The Freelance Creative

The Writer’s Desk: Making a Living on the Keyboard

I don’t think I’m good enough to call myself a writer. Still, there is no denying I spend at least eight hours a day in front of a keyboard, writing. Nothing too imaginative, mind you, certainly nothing resembling what a fiction writer or essayist can put down.

I find it remarkable that someone with plebian talents can actually make a sort of living doing this. That’s good, because at this stage of my life I am fit for little else.

I start every day the same way, brewing tea for my bride of 36 years and myself. I work on a laptop that I store near the bed at night so that I can start writing as we sip our tea. I split my work between custom blogging and article writing.

My background in finance gets me a few cold inquiries each week, which when coupled with topical articles lets me eke out a reasonable living. Certainly there is enough work to keep me busy all my waking hours, and it is sometimes tempting to slip in just one more article. This always results in a headache.

If you’d like to pay the bills by writing, please dive in. Write like crazy and then write some more.

My route to writing started with computers. What can I say, I love keyboards. Over the years, I collected a couple of graduate degrees and a lot experience analyzing systems and then businesses. For those of you who function well in an office environment, I send you my sincere admiration. It wasn’t my employers’ fault, I am simply temperamentally unfit for the corporate life. Only took about 30 years to figure out.
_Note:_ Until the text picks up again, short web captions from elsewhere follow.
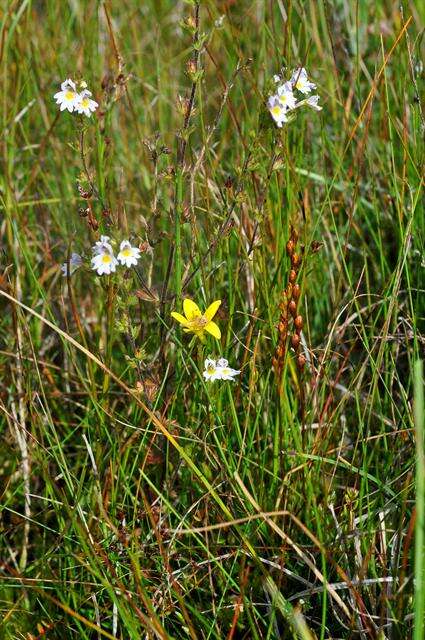 Image of Yellow Marsh Saxifrage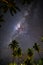 Starry night above Palm trees on the tropical island of Samoa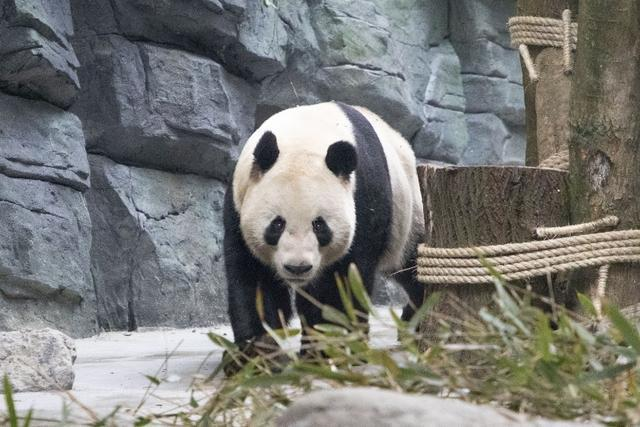 Chengdu: Dujiangyan Panda Valley's "Huigui Delivery Room" Officially Opened to the Public_fororder_2
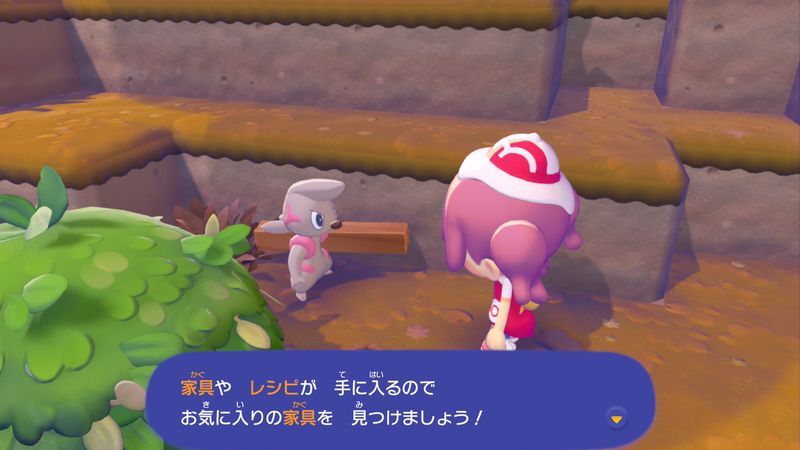 ポケモンに　話しかけよう！（ドッコラー）10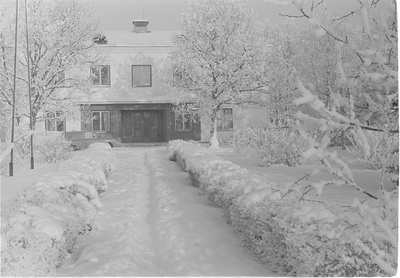 Pajusti  similar photo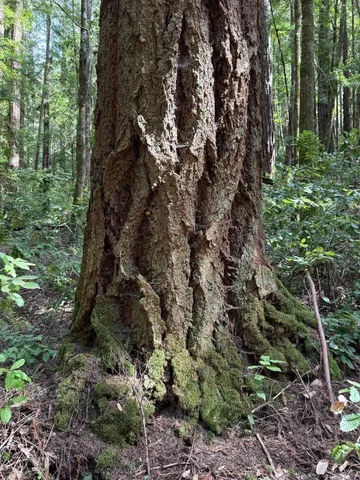 $260,000 | 0 Slate Creek Road, La Honda, CA 94020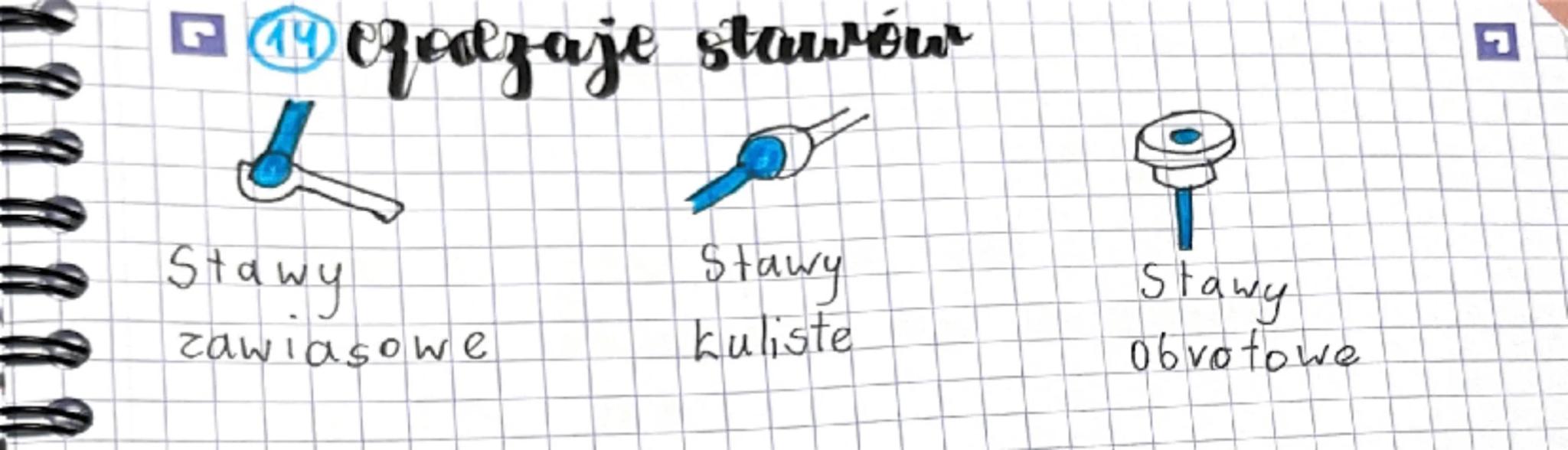 # Biologia Marat

euchu

# Aparat Quchu

Częśc

(zęśί

счуппа

bievna

układ

mięśniowy

Układ

szkieletowy

5tkielet

mięśnie

osiolys

Szk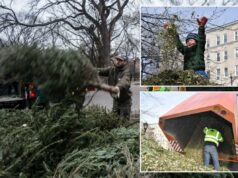 Número de árvores de Natal recicladas na queda do ‘Mulchfest’ de Nova York, a culpa pode ser da inflação das árvores Número de árvores de Natal recicladas na queda do 'Mulchfest' de Nova York, a culpa pode ser da inflação das árvores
Which is to say that I cannot tell you how much fun it is to work my own hours, pick my topics, and make the local coffeehouse my de facto office. Perhaps from insecurity, I spend way too much time on each piece I write, and yet I wince when I come across one on the Internet. Every flaw, every piece of sloppy grammar or misplaced comma keeps me humble. Very humble.

Blogging is a roller-coaster. When I blog for myself, I say exactly what I think and sometimes its coherent. My blogs cover finance, hedge fund crime, typography, content writing and the occasional personal incident. These, of course, are signed. My commercial blogging is about 50 percent published under my name; the other half is anonymous or is my client’s name. That’s all fine with me as long as the client is pleased. The topics skew towards finance and science, but I have done regular blogs about San Diego real estate, which I’m sure is lovely, alternative treatments for allergies, automobile repair, solar devices and student loans, among others.

I cannot tell you how much fun it is to work my own hours, pick my topics, and make the local coffeehouse my de facto office.

Until recently, a large chunk of time was devoted to single topic pages for customers, posted to boost their Google search results. If you cut up an encyclopedia into a million scraps, you’d have an idea of the range of topics for the pages. The takeaway lesson is that most of your freelance writing will not stem from expertise, but rather from research. I don’t mean Wikipedia, which I love but is often wrong. Research takes half of my time. Any more and I wouldn’t be able to publish my quota. Any less and my quota wouldn’t be worth publishing.

If you’d like to pay the bills by writing, please dive in. Write like crazy and then write some more. Pick a topic or two to specialize in, tempered by the knowledge of what’s in demand what is impossible to give away. Read blogs and join forums. Pay attention to your editors. Be grateful. Enjoy.